High dose mono-chemotherapy implies an intravenous systemic application of a cytotoxic drug candidates for this type of therapy are methotrexate (63) and liposomal doxorubicin (64).
Methotrexate is an inhibitor of the enzyme dihydrofolate reductase. Liposomal doxorubicin is a new formulation of adriamycin. Both have significant antitumor activity.
Due to the beneficial side-effect profile, we today recommend only liposomal doxor-ubicin as a mono-chemotherapy for cutaneous lymphoma. It can be given in a dosage of 20mg/m2 body surface every two or four weeks.
We recommend liposomal doxorubicin for tumor stage MF but also for other multi-lesional lymphomas that are resistant to other milder approaches such as low dose methotrexate and cannot be irradiated.
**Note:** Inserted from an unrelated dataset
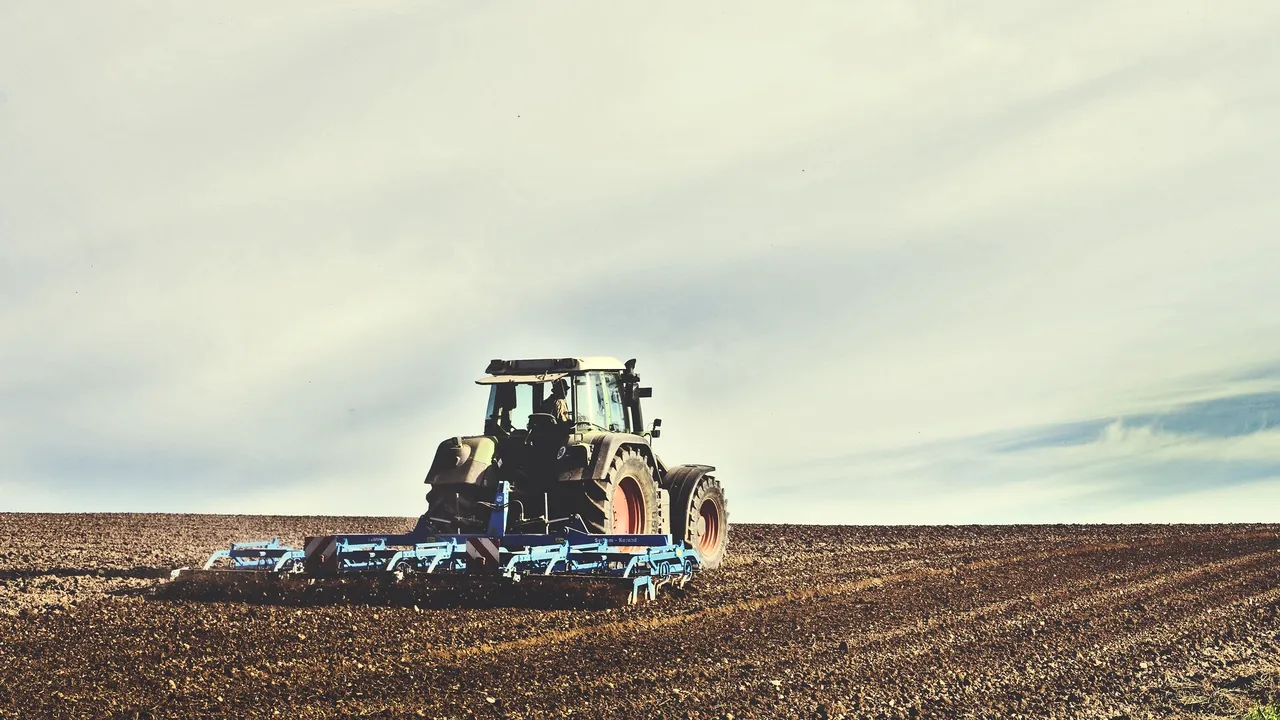 Lipsa zăpezii şi a precipitaţiilor ar putea reduce drastic producţia agricolă în 2020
Liposomal doxorubicin can induce partial and complete remissions in more than 70% of the cases (64) (Fig. 2).
Combination with Other Modalities
There are few reports on the simultaneous application of liposomal doxorubicin and IFN-a. It is not known whether this improves the results.
Since there is no treatment modality for advanced stages of cutaneous lymphoma whose effectiveness has been shown in evidence/based fashion, we recommend administering this type of treatment only in the context of controlled clinical trials, preferentially organized by a large organization such as the international society of cutaneous lymphoma or the European Organization for Research and Treatment of Cancer (EORTC).